Lets cut to the chase: PDFs are evil. If you've done any type of work with PDFs--be it reading them, parsing their text, OCR, etc,--you know what I mean.

An xkcd comic poking fun at PDFS

After pausing on the Authtable.com project for a while, I came back to it recently only to realize the layout of text in documents has completely changed, breaking almost all of the text parsing/extraction functions I implemented (and the various features built on top of them). In the real world--with actual, paying customers--this would lead to hours, maybe days, of downtime.

As anyone familiar with DDD supports in NJ knows, these dang PDFs don't read top-bottom-left-right (or is it left-right-top-down? Eh, you know what I mean). Long text shifts from a column on one page to the same column on the next page. Text gets literally split in half by random line-breaks. I could go on. These changes have made me question the viability of continuing to work on this project. In the real world--with actual, paying customers--this would lead to hours, maybe days, of downtime.

In reality this app is probably better suited as an internal line-of-business application that can be maintained better. I could open-source this project, but do any provider agencies in NJ have developers on staff? I know many that don't even bother with in-house IT, so not sure how they'd be interested in taking on developing and maintaining a web application.

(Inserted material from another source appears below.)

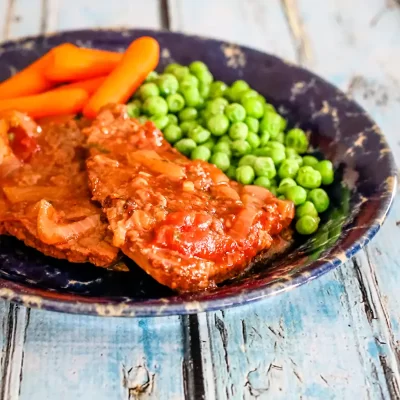Fresh cooked meat with peas and carrots on a rustic plate.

I am satisfied with the work I've done on this project already, I just don't know what it's future is. I could abandon some of the features that are break-prone and just extract text and build some neat things around that (AI anyone?). There are some amazing PDF tools already out there like Paperless-Ngx and Stirling-PDF, but the same barrier applies. I still think there is a value here (particularly just extracting text and having a searchable database), just not sure how much.

Anyway, just jotting my thoughts down—part 1/n of building in public. Happy Dread-of-Winter Tuesday!